Shireen Abu Ita. “I’ve become father and mother.” Olfat al-Kurd/B’Tselem

Shireen Abu Ita, 36, mother of four sons; social worker at a rehabilitation nonprofit in Jabalya; lives in Tel al-Zaatar neighborhood in northern Gaza:

“I am the wife of Mohammed Abu Ita, who fell as a shahid. I was married in 2005 and brought four sons into the world. I was happy in my life with my husband Mohammed, who loved me and poured warmth on me and also on the boys, who were the center of his life. Mohammed didn’t work, but always encouraged me to develop myself. He was my support. I lived with him for eight years; they were the most beautiful years.
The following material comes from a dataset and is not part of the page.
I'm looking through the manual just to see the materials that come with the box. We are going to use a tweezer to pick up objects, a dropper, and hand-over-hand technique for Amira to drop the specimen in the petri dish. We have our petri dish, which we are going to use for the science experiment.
He loved the children and looked after them. He always went to the market and took the children with him.

“It was in the month of Ramadan. My husband was busy during the month baking kadayif in the Jabalya [refugee] camp market. Despite the bombings and the deaths, I didn’t feel afraid. When we were in the street, my husband always said that we should spread out, and not to walk too close to one another, because of the bombings. That same night, at 2 A.M., we were awakened by a loud explosion next to the house. It was a warning missile. I took the children and went downstairs. Mohammed came down right after me. The last thing he said to me was: ‘Don’t be afraid!’ We thought that the ground floor would be safer. Suddenly I found rubble on top of me, stones and sand. Israeli warplanes bombed the house. I shouted: ‘My sons! My sons!’ I saw bodies on the ground.
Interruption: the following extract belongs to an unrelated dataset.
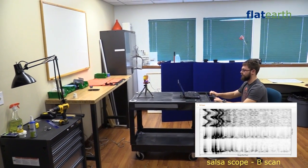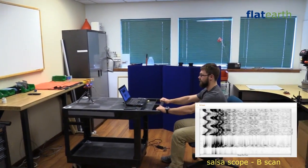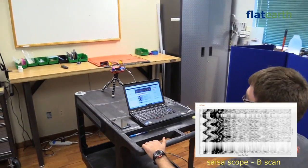The leading or leftmost edge of the B-scan plot represents the edge of the workbench. The second edge to the right represents the wall.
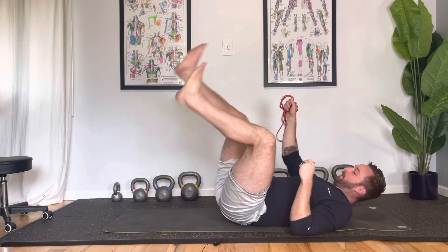There you have it! That's our quick and easy cool down to add to the end of your workouts. If you have any questions, leave them in the comments below — I'm here to help. Thank you so much for watching.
“An ambulance took me and the boys to Al-Awda Hospital [in Gaza City]. I felt I needed to go home and look for my husband and his family, because I didn’t know what happened to them, but the neighbors stopped me. In the hospital I learned that my husband’s father, Ibrahim, his mother, Jamila, my brother-in-law Ahmed and his son Adham had all been killed. I didn’t know about Mohammed; I thought he was lightly wounded. The next day I went back home to see what had happened. I found a relative who told me to go to the hospital, because my husband was in very serious condition. My mother was crying. She told me that my husband had been killed. I started to scream; I was in an indescribable state.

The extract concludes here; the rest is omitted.